Long-wavelength closures for collisional and neutral interaction terms in gyro-fluid models

Abstract

A collisional gyro-fluid model is presented. The goal of the model is edge and scrape-off layer turbulence. The emphasize in the model derivation heavily lies on "implementability" with today's numerical methods. This translates to an avoidance of infinite sums, strongly coupled equations in time and intricate elliptic operator functions. The resulting model contains the four moments density, parallel momentum, perpendicular pressure and parallel energy and is closed by a polarisation equation and parallel Ampere law. The central ingredient is a collisional long-wavelength closure that relies on a drift-fluid gyro-fluid correspondence principle. In this way the extensive literature on fluid collisions can be incorporated into the model including sources, plasma-neutral interactions and scattering collisions. Even though this disregards the characteristic finite Larmor radius terms in the collisional terms the resulting model is at least as accurate as the corresponding drift-fluid model in these terms.
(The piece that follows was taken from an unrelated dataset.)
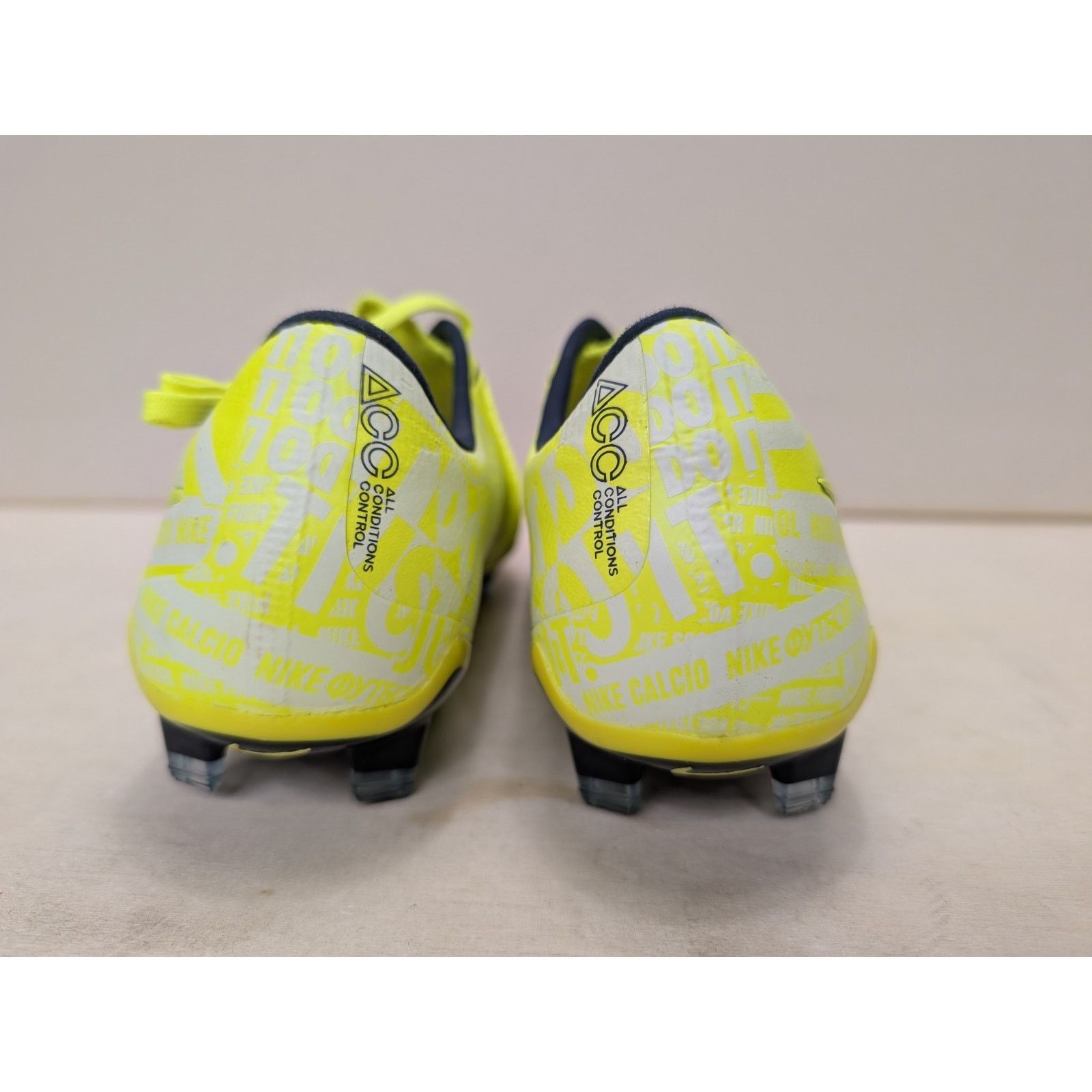 Nike Nike Phantom Venom Elite FG ACC Soccer Cleats Men Volt 6 US Size US 6 / EU 39 - 4 Thumbnail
Furthermore, the model does enjoy the benefits of an underlying variational principle in an energy-momentum theorem and an inherent symmetry in moment equations with regards to multiple ion species. Consistent particle drifts as well as finite Larmor radius corrections and high amplitude effects in the advection and polarization terms are further characteristics of the model. Extensions and improvements like short-wavelength expressions, a trans-collisional closure scheme for the low-collisionality regime or zeroth order potential must be added at a later stage.